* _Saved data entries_
==*==

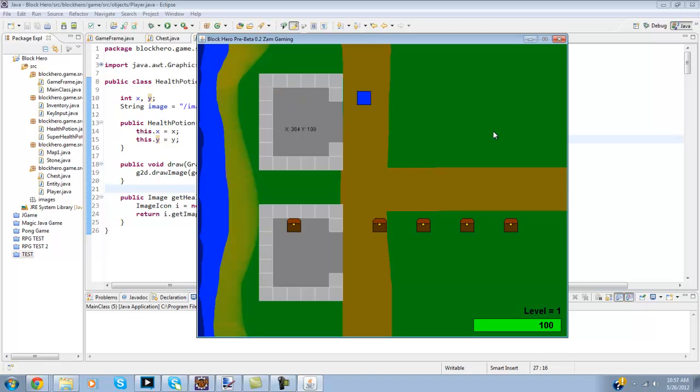And yeah if you notice down here in the bottom right you have a health and you have a level. And that's just for testing purposes but I can bring it down.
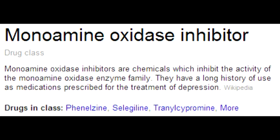Name all the drugs that are contraindicated with monoamine oxidase inhibitors. MAO inhibitors are contraindicated with drugs such as SSRIs, TCAs, St. John's wort, meperidine, and dextromethorphan.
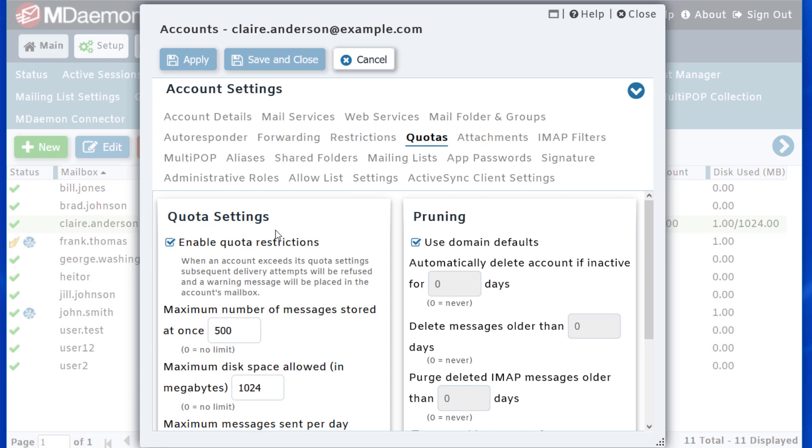And from here, you can check the box to Enable Quota Restrictions, and then enter the maximum number of messages stored at a single time. So for example, if I say 250 messages.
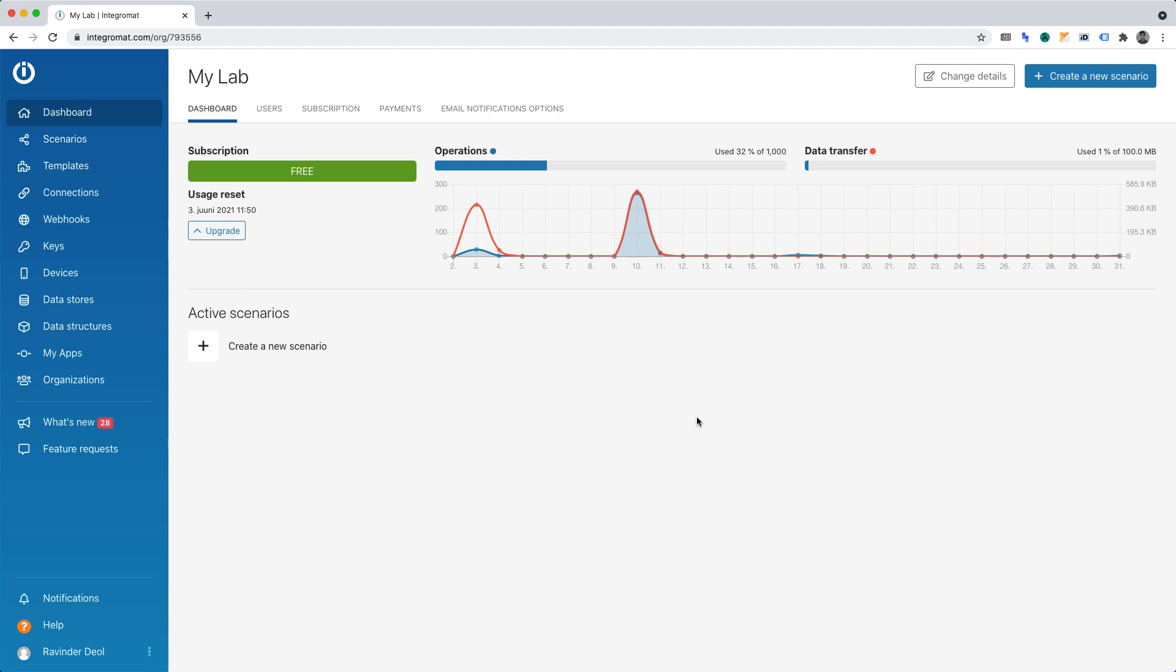The main tool we'll be using in this project is Integromat. You can sign up for an account at Integromat.com. The link is in the description. We'll be using Integromat's free plan for this project. However, if you exceed the limits defined on their pricing page, you will need to upgrade your Integromat plan.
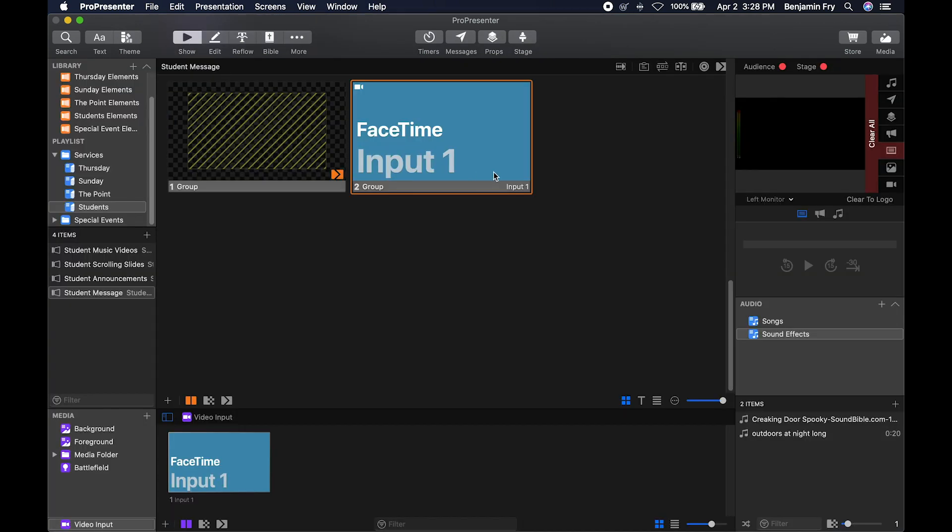If your video input is live, all you'd have to do is click this button to clear it. Thank you for watching this video on ProPresenter video inputs.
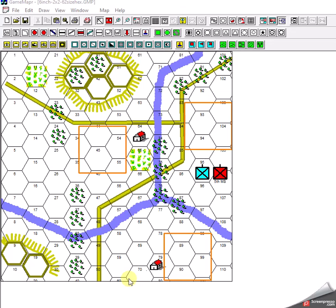This is a demonstration using the old GameMapper software. What I'm showing here is basically a 2x2 foot game table layout.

==*==

* _Goal of the exercise_
Only an exact copy of the lines from the top of the entries through the line with "If your video", both included, should be given, with all pictures omitted.

* _Task solution_
And yeah if you notice down here in the bottom right you have a health and you have a level. And that's just for testing purposes but I can bring it down.
Name all the drugs that are contraindicated with monoamine oxidase inhibitors. MAO inhibitors are contraindicated with drugs such as SSRIs, TCAs, St. John's wort, meperidine, and dextromethorphan.
And from here, you can check the box to Enable Quota Restrictions, and then enter the maximum number of messages stored at a single time. So for example, if I say 250 messages.
The main tool we'll be using in this project is Integromat. You can sign up for an account at Integromat.com. The link is in the description. We'll be using Integromat's free plan for this project. However, if you exceed the limits defined on their pricing page, you will need to upgrade your Integromat plan.
If your video input is live, all you'd have to do is click this button to clear it. Thank you for watching this video on ProPresenter video inputs.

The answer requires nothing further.